Embora o estado da Virgínia vá subsidiar os benefícios do SNAP até novembro, ela começou a racionar por precaução. Ela ainda tem US$ 176 dos US$ 292 (R$ 943 dos R$ 1571) de benefícios mensais do SNAP referentes a outubro. Familiares e amigos também organizaram entregas de alimentos e cartões-presente.
Ela cortou gastos, incluindo serviços de streaming e aplicativos de transporte, mas foi obrigada a usar suas economias. Neste meio tempo, ela se candidatou a vagas de emprego por meses, sem sucesso. Ela nunca imaginou que precisaria de benefícios do governo, incluindo o SNAP.
— Isso pode acontecer com qualquer um num piscar de olhos — disse ela.

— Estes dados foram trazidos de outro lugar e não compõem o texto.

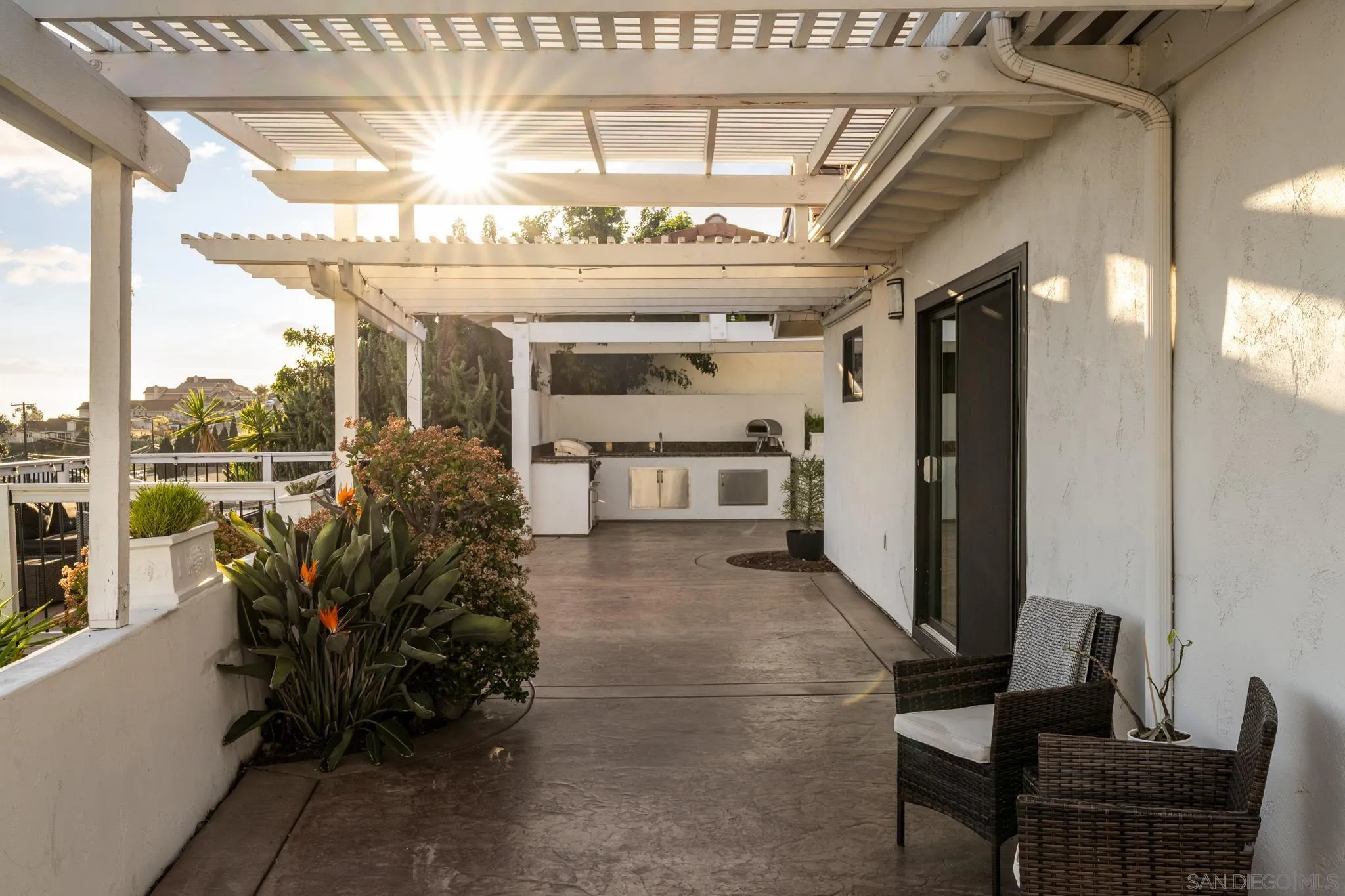 https://cdn.realtyfeed.com/cdn/127/260004503/354329a82c6dfae52faa8c51204559a7.webp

Eles também podem perder o SNAP
Por volta do meio-dia de domingo, Wesley Peake Jr., de 51 anos, estava sentado em seu andador com rodas do lado de fora de um supermercado em Tucson, Arizona. No café da manhã, ele comeu biscoitos e queijo e agora, com a fome aumentando lentamente, sua mente evocava imagens de suas comidas favoritas. Frango, iogurte, bananas.
Mas Peake, que é sem-teto, não tinha dinheiro. E seu benefício mensal do SNAP, de US$ 57 (R$ 305), pode não chegar como de costume em 8 de novembro.
A comida que o SNAP fornece geralmente dura cerca de quatro dias para ele. Isso é uma grande ajuda, porque significa menos viagens a um refeitório comunitário. Sua osteoporose enfraqueceu seus ossos.
— Não consigo andar muito bem, porque minhas articulações do quadril estão se deteriorando — disse.
Ele fica sentado do lado de fora do supermercado, esperando que os transeuntes lhe deem algumas moedas. Ultimamente, ele tem relutância em pedir ajuda diretamente às pessoas. Eles também podem perder o SNAP. (Com NYT)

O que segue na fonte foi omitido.